WORK REQUIRED
Could you retype exactly the line containing "10770 Jamacha BLVD" and every line after it in the data below, leaving out the pictures?

DATA SECTION
▶

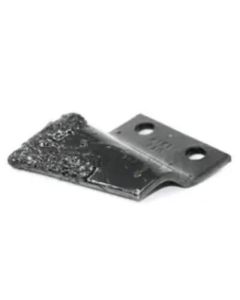 Trencher Tooth, Right, | 6634414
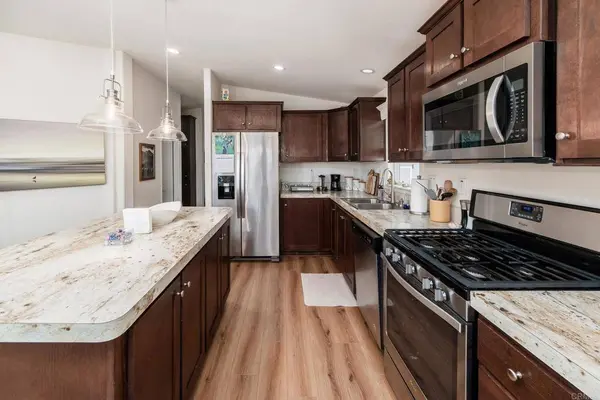 10770 Jamacha BLVD #SPC 8, Spring Valley, CA 91978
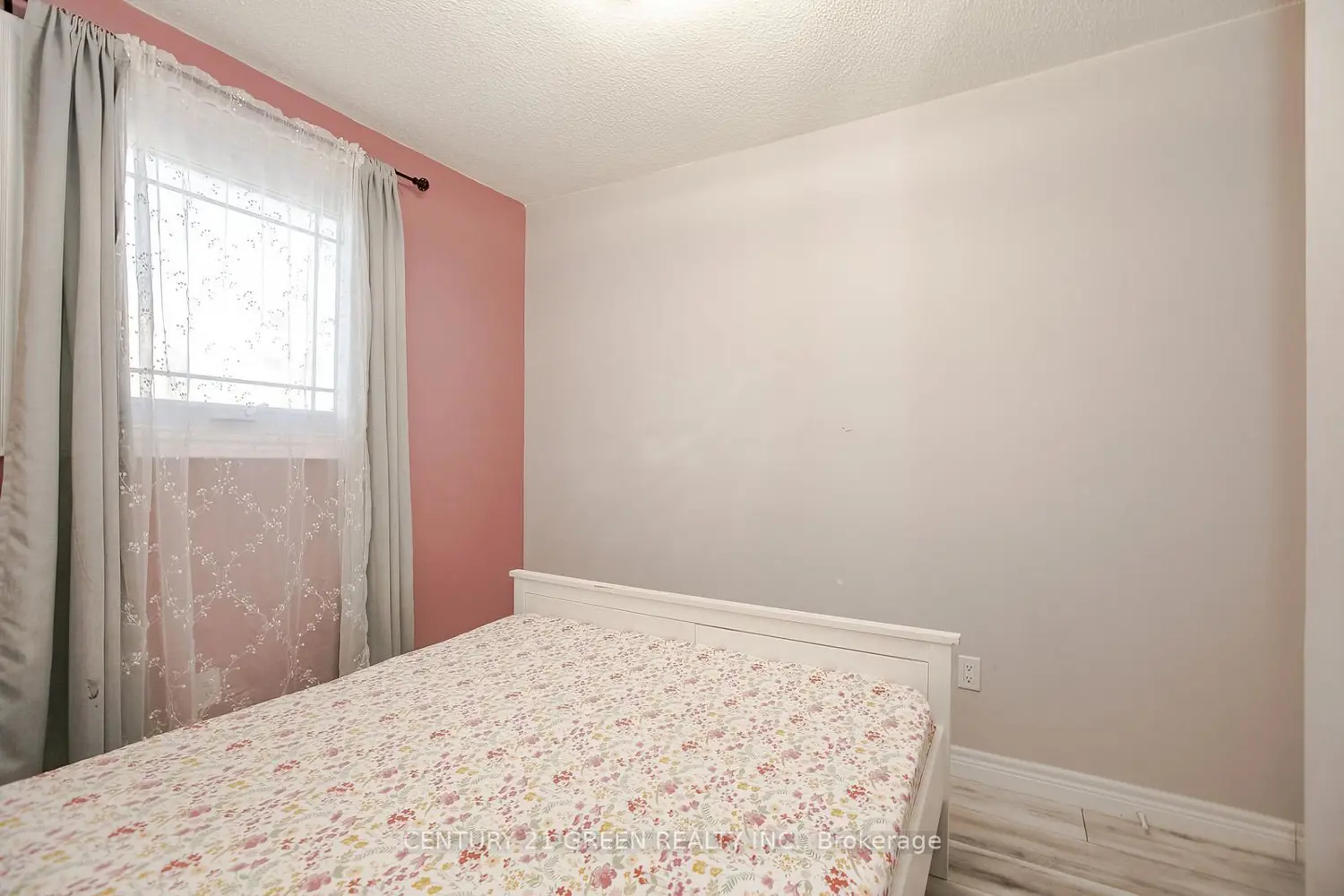 Additional image 10 of 231 Murray Street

◀

ANSWER SPACE
 10770 Jamacha BLVD #SPC 8, Spring Valley, CA 91978
 Additional image 10 of 231 Murray Street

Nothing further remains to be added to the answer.